Enflasyonla mücadelede başarısız olan Hükümet, her fiyat artışında gıdayı sorumlu tutuyor. Bir dönem et fiyatları bahane edilerek ithalat kapısı açılınca 2011-2016 döneminde Türkiye ithal kırmızı ete 783 milyon 486 bin dolar ödedi.
Türkiye, hububat ürünlerinde yeterli arz sağlanamayınca ithalat kapısını açtı. Ülkemizde stratejik ürün olarak belirlenen buğdayın da ithalattan nasibini alacağını Gümrük ve Ticaret Bakanı Bülent Tüfenkci, geçen hafta yaptığı açıklamada bildirdi. Tüfenkci, enflasyonun düşürülmesi amacıyla gerektiği takdirde buğday ve diğer tarım ürünlerinin sıfır gümrükle ithal edilebilmesi düzenlemesinin uygulamaya girdiğini söyledi.
Ekonomi Bakanı Nihat Zeybekci de, gıdada Türkiye’de üretimi korumak şartıyla, spekülasyonu engelleyecek şekilde ithalat vergilerindeki yüzde 70-130’dan yüzde 20-30’a düşüşün yapılacağını kaydetti.
HAYVANCILIK BİTER
Fakat spekülatörleri engelleyerek, ihtiyaç duyulan ürünlerde arzı yeterli seviyeye ulaştırmayı başaramayan Hükümet, ne zaman ithalat silahını ateşlese üreticiyi vurdu. Dünya Gazetesi Tarım Yazan Ali Ekber Yıldırım, "Hayvancılıkta ithalat zirve yaptı, ihracat sıfırlandı" başlıklı yazısında şu değerlendirmelerde bulunuyor:
"Et ve Süt Kurumu’nun 2016 Sektör Değerlendirme Raporu’na göre, 2016’da büyükbaş hayvan ithalatı yüzde 125, küçükbaş hayvan ithalatı ise yüzde 5.9 arttı. Türkiye sığır ithalatında Avrupa’nın lideri, dünyanın ise ikinci ülkesi konumunda. Bu süreç devam ederse Türkiye hayvancılığı tamamen bırakmak zorunda kalabilir."
SORUN ARACILARDA
Türkiye’nin en yoğun tarım üretimin yapıldığı Adana Ziraat Mühendisleri Odası’nın önceki dönem başkanı, Ziraat Mühendisi Şahin Yeter, Aydınlık’a yaptığı değerlendirmede, gümrüklerin aşağı çekilmesinin felakete neden olacağını söyledi. Çözümün ithalat değil, üretimi artırmak olduğunu kaydeden Yeter, şunları kaydetti: "Asıl sıkıntı üretici ile tüketici arasındaki makas var. Sebebi aracıları kontrol edememeleri. Üreticiler yüksek fiyata satmıyorlar. Diğer ülkelerin üreticileri desteklendiği için bizim üretimimizden düşük fiyata üretiyor olabiliyor. Tarım ürünü gıda demektir. Bir toplumun gıda güvenliği de kendi elinde olmazsa, dışa bağımlı olursa felaket olur. Gümrüklerin aşağı çekilmesi felaket olur. Üretimin ve üreticinin geleceğini baltalar. Böyle enflasyonu kontrol altına almak da uzun vadede yanlış çözümdür, felakete götürür."

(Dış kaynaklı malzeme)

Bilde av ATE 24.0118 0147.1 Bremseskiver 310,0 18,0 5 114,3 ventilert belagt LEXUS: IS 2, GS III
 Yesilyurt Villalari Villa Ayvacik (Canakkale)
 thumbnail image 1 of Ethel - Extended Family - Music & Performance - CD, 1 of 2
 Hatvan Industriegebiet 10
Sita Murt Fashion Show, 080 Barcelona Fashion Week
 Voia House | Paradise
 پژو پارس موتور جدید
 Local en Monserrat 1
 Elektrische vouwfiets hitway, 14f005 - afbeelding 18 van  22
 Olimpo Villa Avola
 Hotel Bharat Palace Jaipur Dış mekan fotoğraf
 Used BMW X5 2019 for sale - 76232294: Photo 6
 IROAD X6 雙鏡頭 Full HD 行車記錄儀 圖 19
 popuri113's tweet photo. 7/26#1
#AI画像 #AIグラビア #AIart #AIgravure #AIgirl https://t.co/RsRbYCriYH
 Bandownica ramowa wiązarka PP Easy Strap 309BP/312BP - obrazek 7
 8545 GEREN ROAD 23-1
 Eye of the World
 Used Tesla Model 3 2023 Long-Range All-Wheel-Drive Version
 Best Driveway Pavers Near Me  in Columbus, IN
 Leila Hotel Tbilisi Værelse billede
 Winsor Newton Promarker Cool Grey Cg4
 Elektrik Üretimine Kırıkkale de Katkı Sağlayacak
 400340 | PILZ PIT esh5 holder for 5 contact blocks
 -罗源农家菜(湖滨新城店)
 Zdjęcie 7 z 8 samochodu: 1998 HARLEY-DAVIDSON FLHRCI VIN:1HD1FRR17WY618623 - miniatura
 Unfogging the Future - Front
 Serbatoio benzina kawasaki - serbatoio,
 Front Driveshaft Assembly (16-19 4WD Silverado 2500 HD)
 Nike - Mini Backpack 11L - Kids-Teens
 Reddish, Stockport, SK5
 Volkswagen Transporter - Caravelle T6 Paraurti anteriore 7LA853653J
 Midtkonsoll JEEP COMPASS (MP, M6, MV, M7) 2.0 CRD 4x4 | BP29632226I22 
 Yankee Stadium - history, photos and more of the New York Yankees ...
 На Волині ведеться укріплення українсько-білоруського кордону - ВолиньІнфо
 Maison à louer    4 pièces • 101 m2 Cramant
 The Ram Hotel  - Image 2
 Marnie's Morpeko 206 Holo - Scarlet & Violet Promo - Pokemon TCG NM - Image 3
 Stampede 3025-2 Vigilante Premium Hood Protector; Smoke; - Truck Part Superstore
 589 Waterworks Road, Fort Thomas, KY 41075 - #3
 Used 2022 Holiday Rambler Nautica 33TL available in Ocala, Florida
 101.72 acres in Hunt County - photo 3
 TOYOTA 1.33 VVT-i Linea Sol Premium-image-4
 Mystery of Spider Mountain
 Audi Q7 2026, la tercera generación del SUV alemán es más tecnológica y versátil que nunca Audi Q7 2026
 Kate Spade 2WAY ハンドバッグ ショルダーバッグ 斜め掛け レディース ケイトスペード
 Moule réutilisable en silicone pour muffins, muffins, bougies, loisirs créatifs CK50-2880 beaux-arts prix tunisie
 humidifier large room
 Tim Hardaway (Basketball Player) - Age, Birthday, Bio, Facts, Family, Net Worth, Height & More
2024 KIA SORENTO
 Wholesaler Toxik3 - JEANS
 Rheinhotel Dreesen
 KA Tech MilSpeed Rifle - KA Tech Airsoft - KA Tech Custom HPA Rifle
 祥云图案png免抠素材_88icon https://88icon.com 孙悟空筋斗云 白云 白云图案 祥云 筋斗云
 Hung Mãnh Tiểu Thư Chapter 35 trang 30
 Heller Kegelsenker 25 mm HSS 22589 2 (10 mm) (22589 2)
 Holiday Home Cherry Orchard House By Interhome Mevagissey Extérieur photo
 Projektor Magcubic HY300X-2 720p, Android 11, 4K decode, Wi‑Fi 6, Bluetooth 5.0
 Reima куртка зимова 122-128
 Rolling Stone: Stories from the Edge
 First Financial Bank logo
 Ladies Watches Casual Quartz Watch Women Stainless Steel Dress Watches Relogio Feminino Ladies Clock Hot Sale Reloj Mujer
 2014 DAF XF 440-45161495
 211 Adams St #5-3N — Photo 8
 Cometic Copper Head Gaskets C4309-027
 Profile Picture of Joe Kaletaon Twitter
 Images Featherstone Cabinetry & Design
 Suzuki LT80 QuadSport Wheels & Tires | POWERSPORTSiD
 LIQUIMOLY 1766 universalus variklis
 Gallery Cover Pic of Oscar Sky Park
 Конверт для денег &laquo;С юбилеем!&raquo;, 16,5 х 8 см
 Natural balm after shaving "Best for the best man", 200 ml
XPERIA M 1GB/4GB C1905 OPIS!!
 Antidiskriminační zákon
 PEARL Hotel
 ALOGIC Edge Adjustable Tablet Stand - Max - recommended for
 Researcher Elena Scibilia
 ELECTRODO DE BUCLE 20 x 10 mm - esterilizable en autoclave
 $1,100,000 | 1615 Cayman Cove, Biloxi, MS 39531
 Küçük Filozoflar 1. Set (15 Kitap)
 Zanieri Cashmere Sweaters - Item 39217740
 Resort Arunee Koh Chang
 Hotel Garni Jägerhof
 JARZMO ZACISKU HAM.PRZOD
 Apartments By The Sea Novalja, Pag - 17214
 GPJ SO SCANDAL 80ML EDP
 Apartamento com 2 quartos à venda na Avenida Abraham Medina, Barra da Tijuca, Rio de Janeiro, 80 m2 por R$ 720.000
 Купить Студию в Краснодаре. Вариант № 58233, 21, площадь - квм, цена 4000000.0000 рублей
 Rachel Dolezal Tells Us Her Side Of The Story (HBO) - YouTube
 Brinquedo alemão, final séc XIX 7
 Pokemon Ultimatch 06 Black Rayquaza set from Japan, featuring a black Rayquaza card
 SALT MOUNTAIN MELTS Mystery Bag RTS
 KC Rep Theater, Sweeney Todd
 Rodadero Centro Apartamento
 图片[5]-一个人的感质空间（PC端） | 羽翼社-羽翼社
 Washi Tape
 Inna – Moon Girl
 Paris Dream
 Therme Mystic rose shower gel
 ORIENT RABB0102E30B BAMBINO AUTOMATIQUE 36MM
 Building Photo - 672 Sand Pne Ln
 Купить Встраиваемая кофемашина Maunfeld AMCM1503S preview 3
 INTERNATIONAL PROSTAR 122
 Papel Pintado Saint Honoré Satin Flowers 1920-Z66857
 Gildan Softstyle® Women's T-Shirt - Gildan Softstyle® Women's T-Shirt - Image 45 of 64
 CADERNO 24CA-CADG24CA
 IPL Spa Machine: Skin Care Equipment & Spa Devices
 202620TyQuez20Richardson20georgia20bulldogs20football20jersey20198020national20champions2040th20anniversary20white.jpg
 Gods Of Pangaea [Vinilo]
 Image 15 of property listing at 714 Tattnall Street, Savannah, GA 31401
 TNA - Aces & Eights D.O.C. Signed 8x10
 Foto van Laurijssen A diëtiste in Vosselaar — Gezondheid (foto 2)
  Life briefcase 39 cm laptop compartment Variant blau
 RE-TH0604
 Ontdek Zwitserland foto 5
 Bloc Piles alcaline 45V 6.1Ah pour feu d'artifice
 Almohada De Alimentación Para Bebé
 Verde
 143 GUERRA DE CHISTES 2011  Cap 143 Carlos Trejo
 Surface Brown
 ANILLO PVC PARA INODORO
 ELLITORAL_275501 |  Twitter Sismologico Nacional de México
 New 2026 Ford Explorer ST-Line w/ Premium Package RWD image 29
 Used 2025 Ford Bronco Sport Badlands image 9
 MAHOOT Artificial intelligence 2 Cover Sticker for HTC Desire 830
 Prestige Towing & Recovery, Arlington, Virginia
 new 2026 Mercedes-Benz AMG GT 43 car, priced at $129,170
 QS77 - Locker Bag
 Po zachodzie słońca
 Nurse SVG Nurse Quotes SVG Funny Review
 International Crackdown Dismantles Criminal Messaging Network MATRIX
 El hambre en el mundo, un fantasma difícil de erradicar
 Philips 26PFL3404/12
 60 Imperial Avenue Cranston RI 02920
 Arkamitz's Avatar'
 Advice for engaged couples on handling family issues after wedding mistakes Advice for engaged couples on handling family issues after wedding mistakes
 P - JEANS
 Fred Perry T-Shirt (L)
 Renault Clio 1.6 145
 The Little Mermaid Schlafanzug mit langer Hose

TMP ETKİN HALE GETİRİLMELİ
Tarım ekonomisi uzmanı Prof. Dr. Tayfun Özkaya da, çiftçilerin eline geçen fiyatla, tüketicinin ödediği fiyat arasında önemli bir fark bulunduğuna dikkat çekti. Toprak Mahsulleri Ofisi’nin (TMO) kapatılmadığını ancak, alım noktalarının azaltıldığını, ödeneklerinin düşürüldüğünü belirten Prof. Dr. Özkaya, üreticiyi primle desteklemenin ise işe yaramadığını anlattı. Buğday üreticisinin eline geçen para düşük olunca üretimden kopuş meydana geldiğini ifade eden Özkaya, "Gümrükleri azaltalım ucuzlatalım dediğiniz zaman bunu o yıl için yapabilirsiniz ama üreticinin eline daha da az fiyat geçtiği zaman, üretici daha az ekecektir. Bu sefer ister istemez ithalat politikasına yapışıyorsunuz" dedi. "TMO’nun alım noktalarının artırılması, kooperatiflere destek olunması, prim sisteminin bırakılıp güçlü bir şekilde piyasaya girerek fiyatın düşmesi önlenebilir" önerilerini getiren Prof. Dr. Özkaya, stok tutarak spekülatörlerle mücadele edilebileceğini kaydetti. Özkaya, yaşanan durumu, tarım serbest piyasanın inisiyatifine bırakılınca meydanın spekülatörlere kaldığı, şeklinde değerlendirmenin doğru olacağını ifade etti.